Before he cut up teenagers in remakes of classic horror films, Marcus Nispel cut his teeth on commercials. More than 1,000 commercials, actually, including the award-winning “A Time Has Come Today” bit for Fidelity Investments, which earned Nispel a spot in Time Magazine’s year-end “Best of 1996” issue. Since then, he’s won far fewer awards, and has earned a reputation as The Guy Who Directs Remakes No One Wants.
Nispel’s resume may be festooned with some great music videos, but for the last decade he’s exclusively worked on some not-so-great remakes. In fact, all of his films released to date have been remakes: The Texas Chainsaw Massacre (2003), which helped catalyze the horror-remake contagion that we’ve yet to kill; Frankenstein (2004), a made-for-TV adaptation of Dean Koontz’ books; Pathfinder (2007), which loosely reworks an Oscar-nominated 1987 Norwegian film; Friday The 13th (2009), a reboot that conflates the first three films in the Reagan-era slasher franchise; and Conan (2011), a remake of the Arnold Schwarzenegger pulp classic.

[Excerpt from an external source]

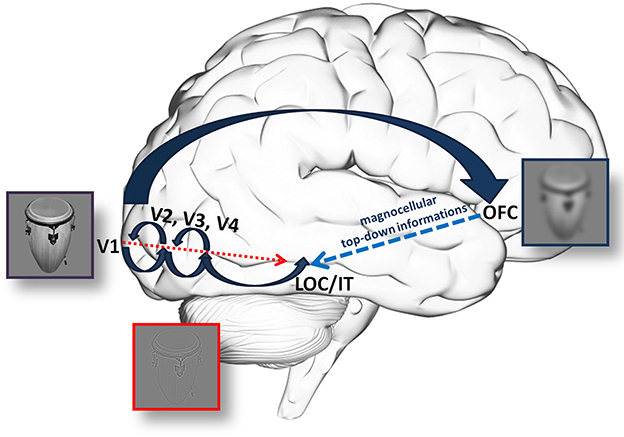 Top-down signal from prefrontal cortex in executive control of memory  retrieval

Now Nispel, rocking a mighty beard, has set his sights on more original material. The Hollywood Reporter confirms that Nispel will be writing and directing an original film called Stowaway, produced by L.A.-based White Sands Pictures. Based on a Nordic myth of a “seaborne humanoid avenging creature” (so, like an ancient, aquatic C.H.U.D.?), Nispel’s film tells the story of a woman who marries into the perfect family and sets sail on the high seas, only to discover some insidious secret dwelling at the bottom of the sea, somewhere between the bump on the log and Davy Jones’ locker.
FX specialist Mike Elizalde of SpectralMotion will create the creature, which is sweet news: Elizalde has worked on Gremlins 2, Hellboy, Men in Black, and Nutty Professor II, which, for all its fart jokes and rampant silliness, features some great make-up effects.
Though Nispel has yet to direct what we in the critical community would call a “good movie,” he has undeniably displayed a pretty good eye, and good feel, for fun horror. His Texas Chainsaw Massacre may not be Tobe Hooper’s grueling black-comedy classic, but it certainly isn’t a boring retread. It looks better than it has any right to, packs a couple decent scares, and doesn’t hold back, like so many horror films of the pre-Saw PG-13-laden 2000s. Nispel’s Friday The 13th is similarly good-looking, if devoid of scares, but it knows what it is: bloody, sexy, silly fun.
Nispel has another fun-sounding original film, Exeter (formerly called Backmask), coming out soon. The first film he ever wrote himself, it concerns a group of teenagers having a party—as teenagers are wont to do—and decide to play a vinyl record backwards, which releases an evil spirit that subsequently possesses them. It almost sounds like a less-grim, less artsy Lords Of Salem.